What this entry asks
- If most of sub-Saharan Africa already has signal, where is internet use still low, and where is it not?
- How far does the price of mobile data go in explaining the gap?
- What other barriers still fit the picture once coverage is no longer the main constraint?
This entry uses three separate lenses. First, the GSMA regional frame shows where the gap sits inside sub-Saharan Africa as a whole. Second, a 48-country matched panel, meaning the countries where both a 2023 internet-use figure and a 2023 1GB price are available, tests how far price goes in explaining cross-country differences. Third, ITU Africa-wide context helps identify which barriers still plausibly sit between coverage and use.[11]
87%
60%
710M
Region-tinted country shapes show the fixed-year 2023 matched panel.
01 / 05
One comparable frame.
What you are looking at is every African country where we can match a 2023 internet-use figure with a 2023 price for 1GB of mobile data. That matched panel gives us 48 countries. Six drop out because one number or the other is missing.
02 / 05
Use separates quickly.
The map now shades each country by internet use. Warmer tones mean higher use. Darker means lower. Morocco reaches 91.0%. Burundi sits at 11.1%.

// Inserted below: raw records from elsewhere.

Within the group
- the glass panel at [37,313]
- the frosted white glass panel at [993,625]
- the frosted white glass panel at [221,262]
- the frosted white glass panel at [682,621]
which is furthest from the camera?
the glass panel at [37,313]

North Africa separates immediately. Across much of East, Central, and West Africa, the colors stay dark, a lower-use belt that persists even though most of these countries already have mobile broadband coverage.
03 / 05
Cheap data doesn't explain the gap.
The cheap end does not automatically turn warm on the usage map. Malawi pays just $0.38 for 1GB, Sierra Leone pays $0.67, and Mozambique pays $0.78.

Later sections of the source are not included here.